All of that seems like a lot, even for a Wes Anderson movie, which typically features a large ensemble of players in a story that takes unpredictable (and often absurd) turns. Factor in the element of campy homage to the nostalgic science fiction movies of old, complete with UFOs and all the alien conspiracy theories those carry with them, and it becomes apparent that there are a lot of layers here.

Yet those elements are merely a premise, a conceit that establishes the rule of a game that proceeds to get even more “meta” from there. Actors appear in dual roles, both as their character in the central narrative and the fictional-real-life performers that portray them; there’s an inversion of styles that seems to dovetail in on itself, in which a theatrical play is experienced as a contemporary film, the “true” story about said vintage play is set up as vintage TV documentary, and supposed real-life events are presented as scenes from a play – a hall-of-mirrors pattern that suggests the fourth and unseen perspective of a real life audience – which means us - viewing the film itself. Anderson’s movie, as it turns out, is perhaps meant really to be about us, all along.

Even if that interpretation is on target, there’s still plenty of room for the signature Wes Anderson style, in this case taken to new heights of exaggeration; the familiar pastel color palette is now hyper-saturated, evoking hand-tinted vintage postcards or the lurid technicolor of 1950s cinema; that connection is underscored by countless nods to iconic films of the period, including Johansson’s image as both a Hitchcock-inspired icy blonde and an earthy Ava Gardner-esque sex goddess, with a dash of Liz Taylor thrown in for good measure.

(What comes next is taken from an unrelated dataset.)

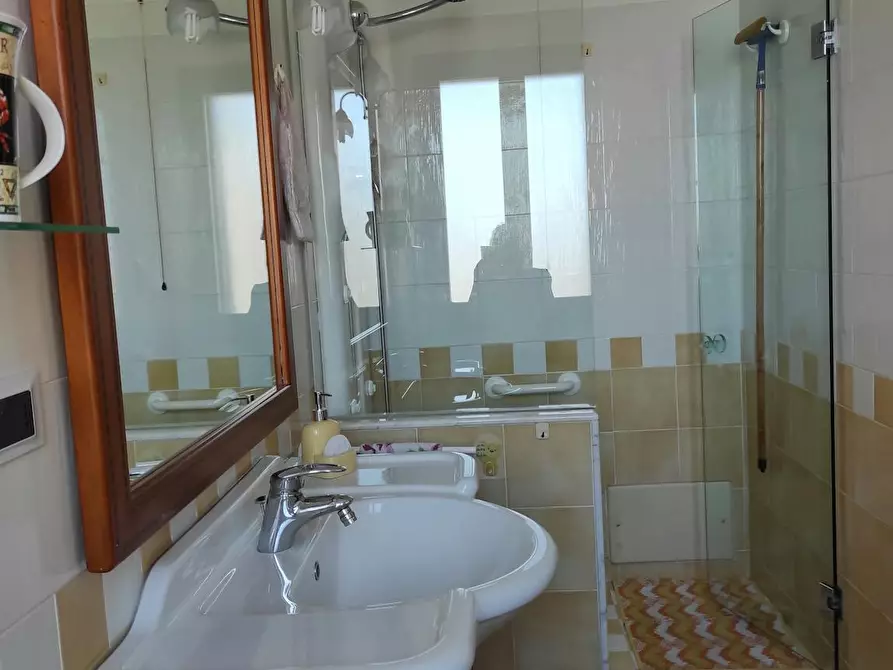 Immagine 10 di Appartamento in affitto  in Via Sofia a Cagliari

Then there’s the inescapable fact of its mid-20th Century setting, which evokes not only the kind of corny “alien panic” sci-fi movies “Asteroid City” affectionately lampoons, but the strong current of worldwide trauma that emerged in the arts and culture of the era. After two world wars and a bomb that introduced the permanent threat of nuclear doomsday to their psyche, humanity was – understandably – preoccupied with finding meaning in a universe that suddenly felt indifferent, and the artists of the day led the search. Since Anderson’s bemusingly post-modern reassembly of these elements is centered on an imagined theatrical masterpiece that emerged from within that zeitgeist, it’s hard not to see a connection being drawn to our own time, when new daily threats force us to endure a similar state of perpetual existential crisis. In any case, Anderson’s familiar blend of precocious whimsy and melancholy nostalgia is tinged with a more profound sadness this time around, even if it is effectively counter balanced by a light heart.

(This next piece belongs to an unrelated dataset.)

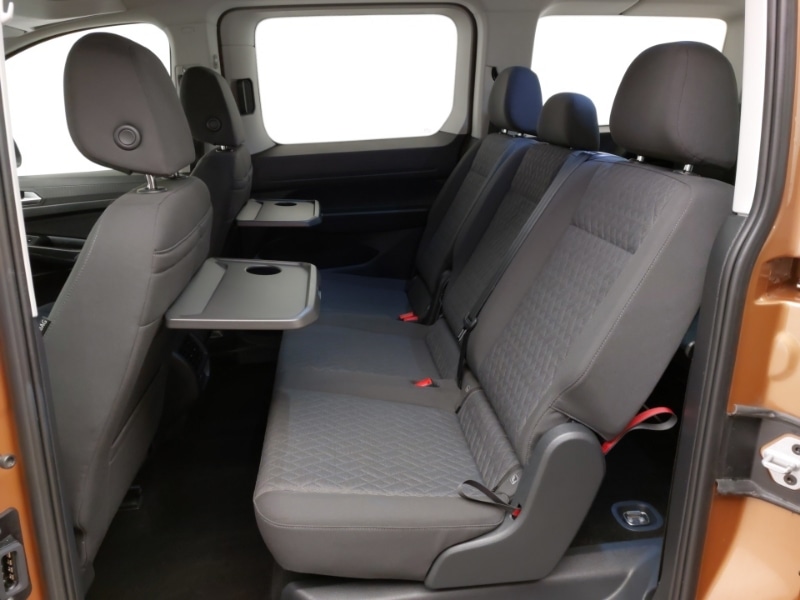 Used Volkswagen Caddy Maxi 2022 for sale - 76451115: Photo 6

What strikes us at more personal level, though, is the subtle but significant queer core that stems from the creation of the play-within-the-movie by a Tennessee Williams-esque tragic genius – whose presumed queerness is revealed in a scene too exquisitely orchestrated to spoil. It seems a minor touch, but rather than some token effort at inclusion, it feels like a nod to the unsung influence of queer artists, whose outsider status throughout history has granted them an observer’s eye which has played an important role in showing the rest of society the things it might have trouble seeing for itself – as the best artists have always done.

We could say more about this film – the sublime performances, which manage a wealth of emotional range inside the “Andersonian” parameters of the cast’s deadpan delivery; the impossibly kitschy handmade scenery; the self-referential humor that bubbles under so much of what appears on screen – but we won’t. If you’re a fan, you’ll want to pick through the details for yourself.

If you’re not, we know nothing we can say will convince you to see it anyway, and that’s probably for the best.